You probably already know that being active and visible online is an important part of building an audience and expanding your reach. It allows your people to get to know you better and it makes it easier for you to learn from them too, which leads to better content, products, and services.
But being active and social and going live on a daily basis requires a MASSIVE amount of energy.
And if you’re introverted like me, it can make some workdays feel extra stressful.
As much as staying visible and going live has helped grow my blog and business, it’s been a challenge to learn how to distribute my energy so I don’t crash mid-day when I need to be working.
Being an introvert can involve a lot of different things, but one of the most important issues for me is that I gain energy from being alone and expend energy anytime I need to be “on,” whether that’s hanging out in my Facebook groups, going live, creating video and Instagram stories, or just responding to comments and questions.
Some of these tasks take a little energy and some of them, like hosting a two-hour-long webinar, have the potential to knock me out for the rest of the day. So today I’m sharing what I’ve learned about scheduling my days to be live and engaged as often as possible without feeling completely worn out by the end of the week.
Note which activities take the most energy
As much as I love running webinars and getting to provide feedback and help, after such an intense live session I can generally be found crashed out on the couch, eating tacos like a zombie, barely able to focus on a TV show. Sometimes I can recover enough to work after a few hours, and sometimes I’m 100 percent done for the day.
Facebook Live, on the other hand, requires a slightly less dramatic recovery period. Taking an hour for lunch or any activity that doesn’t involve my computer or phone generally recharges me enough to get back to my to-do list and finish out my workday.
Plan time to be “on”
One of the ways I end up spending a lot of energy without realizing is by responding to emails, checking into Facebook groups, or answering questions on Instagram randomly throughout the day. This creates a near-constant energy leak and leaves me feeling spent without even realizing what I’m doing.
When I’m on top of my personal energy conservation I spend a few minutes in the morning and a few minutes in the evening answering questions and providing feedback in my Facebook groups. (If I check Facebook to see what my friends and family are up to, I do not check my Facebook groups until it’s time to check off that task.)
I go through email only ONCE each day, and I keep notifications on my phone OFF (something I did about 4 years ago when I went on vacation and loved it so much I never turned them back on).
Having distinct times when I’m “on” and interacting with other people and times when all my tabs are closed and I’m working on writing or design (like right now) helps me to be purposeful in where I use my energy.
Work on one thing at a time
I often find my mind wandering to small tasks while I’m in the middle of writing a blog post or going through email. But instead of getting sidetracked, I tell myself something like, “I’m not working on that right now” or “This does not need to get done right now” and go back to what I was working on.

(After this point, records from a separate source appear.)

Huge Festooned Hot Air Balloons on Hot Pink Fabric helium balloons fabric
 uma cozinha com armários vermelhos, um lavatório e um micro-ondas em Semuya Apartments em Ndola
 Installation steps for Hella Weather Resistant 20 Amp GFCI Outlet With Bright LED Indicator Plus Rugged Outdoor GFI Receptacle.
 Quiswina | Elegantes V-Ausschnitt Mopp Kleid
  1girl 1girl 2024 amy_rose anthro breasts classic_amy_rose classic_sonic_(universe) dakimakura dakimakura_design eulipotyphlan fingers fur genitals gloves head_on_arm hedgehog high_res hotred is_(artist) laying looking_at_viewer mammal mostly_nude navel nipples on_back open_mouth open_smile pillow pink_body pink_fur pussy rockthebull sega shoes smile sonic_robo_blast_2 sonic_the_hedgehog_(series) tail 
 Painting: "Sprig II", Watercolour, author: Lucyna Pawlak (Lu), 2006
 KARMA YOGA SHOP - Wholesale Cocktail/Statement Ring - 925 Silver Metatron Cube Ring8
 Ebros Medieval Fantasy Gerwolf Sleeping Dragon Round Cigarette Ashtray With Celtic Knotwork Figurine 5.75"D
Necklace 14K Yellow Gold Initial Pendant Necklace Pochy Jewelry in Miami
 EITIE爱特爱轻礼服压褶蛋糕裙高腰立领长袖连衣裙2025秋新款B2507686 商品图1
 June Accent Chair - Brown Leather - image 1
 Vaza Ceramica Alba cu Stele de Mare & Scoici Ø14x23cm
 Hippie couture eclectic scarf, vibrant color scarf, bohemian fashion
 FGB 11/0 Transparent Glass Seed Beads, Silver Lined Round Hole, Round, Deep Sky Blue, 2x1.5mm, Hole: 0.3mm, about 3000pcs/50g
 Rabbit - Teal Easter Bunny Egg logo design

Even when I’m done working and watching TV at night, I avoid the tendency to have my phone in-hand, scrolling aimlessly.
Sticking to one task at a time not only helps to keep from feeling flustered and expending energy unnecessarily, but it also keeps me on track and finishing projects on time (or enjoying whatever show I’m watching).
Be mindful of how often you procrastinate with social media
If you tend to pick up your phone or scroll through social media when you should be focused on something else, you could be losing energy without realizing it.
Even if you’re laying on the couch, lazily scrolling through Instagram, it still has the potential for sucking up too much energy. I follow a lot of brilliant entrepreneurs so there is always something to read or watch and always questions and comments to respond to from my lovely readers. Some days my phone finds its way into my hand over and over before I even know what I’m doing and I get sucked into what everyone else is talking about and working on instead of my own stuff.
Again I try to remind myself of the task at hand and allow myself a few minutes to browse social media when I’m finished. (Instagram, I’m coming for you when this post is done!)
Add time for computer/people-free activities
You know when you REALLY need to use your phone but it’s down to 10% battery and you have to plug it in no matter what – your body functions like this too. Even on my most busy days it’s important for me to step away from work and find a moment to recharge. If I let myself run down to 10 or 20 percent, the work is not going to get finished or it’s not going to be as good as it could have been if I was more energized.
Planning my days so they include 10 or 20 minutes away from work is helpful in getting through my most “on” times.
For me this looks like taking the dog for a meandering walk, meditating for 10 minutes using HeadSpace, closing my computer and reading for an hour, making dinner (Blue Apron always gives me a delicious incentive to take time to cook), leaving the house to meet friends for lunch, and actively stopping work at a reasonable time.
As an introvert you can only get so far with a packed schedule and a penchant for multitasking. For those of us with a need to be mindful of our energy, staying focused and purposeful with the times we’re active online and leaving space in our days to take a solo break can be a literal lifesaver.